"Emergenza tornado", il TAR obbliga la Regione Veneto a divulgare i conti
Venerdi 3 Marzo 2017 alle 08:15 | 0 commenti
Fuori i soldi. O meglio, fuori le cifre. La Regione esce sconfitta dal giudizio davanti al Tar nato dal ricorso presentato da Vincenzo D’Agostino, componente di quel «Comitato dei garanti» nominato dopo il tornado affinché gestisse i fondi raccolti per la ricostruzione della Rivera del Brenta. D’Agostino chiede da mesi di sapere quale somma è stata raccolta da Palazzo Balbi sul conto corrente «Emergenza tornado» ma non è mai riuscito ad ottenere risposta. Ora l’ente dovrà pubblicare tutti i numeri sul suo sito internet e rifondere pure le spese legali.
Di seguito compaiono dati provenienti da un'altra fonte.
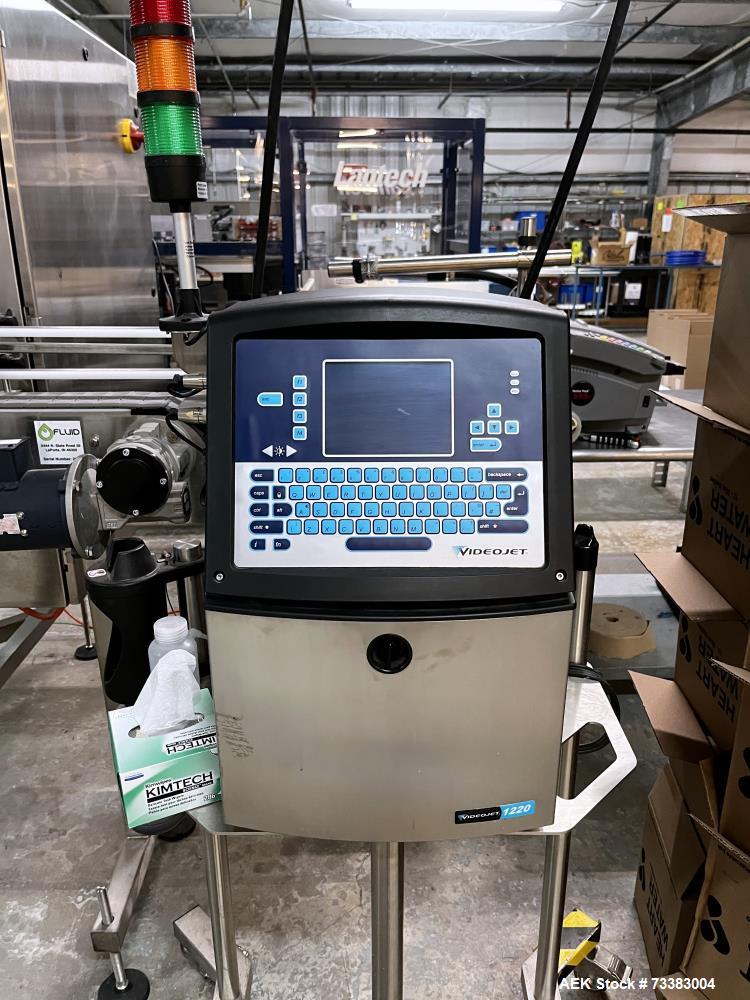 Used Complete Filling line for Bottle, manufactured by Norland. Running 25oz Bottles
 La vicenda riguarda i fondi raccolti dalla protezione civile e dalla Regione dopo il tornado che un anno e mezzo fa devastò la Riviera. All’epoca furono attivati due canali di solidarietà : l’ormai classico sms al 45500 e un conto corrente chiamato «Emergenza tornado». Ma se quanto alla prima iniziativa la rendicontazione è sempre stata nota al millimetro (trattasi di 211 mila euro), quanto alla seconda il saldo finale non è mai stato chiaro, al punto che lo stesso assessore alla Protezione civile Gianpaolo Bottacin, il mese scorso, era costretto ad abbozzare: «Credo siano circa 250 mila euro. Più o meno». Un gruzzolo, per complessivi 450 mila euro, che a un anno e mezzo dal tornado, è bene ricordarlo, ancora non è stato speso per via di un litigio tra i Comuni di Mira e di Pianiga e una serie di inestricabili lacci burocratici. Ad ogni modo, con due diverse istanze di accesso agli atti, D’Agostino ha chiesto al responsabile della Trasparenza della Regione, Fabio Milocchi, di pubblicare l’ammontare esatto delle donazioni depositate in conto corrente e gli eventuali successivi destinatari, e di consegnargli copia della documentazione, schiantandosi però sempre contro un muro di silenzio. Deciso ad andare fino in fondo «per una questione di principio» D’Agostino si è quindi rivolto al Tar chiedendo la condanna della Regione ad adempiere, epilogo che si è puntualmente verificato il 23 febbraio scorso. Perché se è pur vero che al momento «le somme non sono state assegnate» e «l’amministrazione non ha ancora deciso come impiegare i fondi», ciò non toglie che i cittadini (che magari avevano pure fatto una donazione) hanno il sacrosanto diritto di sapere quanti soldi sono stati raccolti, e questo anche se - come ha tentato di difendersi la Regione - hanno già saputo qualcosa al riguardo («Più o meno») dai giornali. «L’Italia è il Paese dove si fanno le leggi e nessuno le applica - dice D’Agostino -. Esiste una legge sulla trasparenza degli atti amministrativi, importante perché consente al cittadino di partecipare alla vita pubblica e sapere cosa accade nel Palazzo. Il rischio, sennò, è che lì dentro facciamo come pare a loro». C’è da credere che il governatore Luca Zaia, da sempre sostenitore del «Palazzo di cristallo» sia d’accordo ma tant’è, ora la Regione deve pure pagare 1.300 euro di spese legali. Non molto ma la domanda resta: non sarebbe stato meglio rispondere?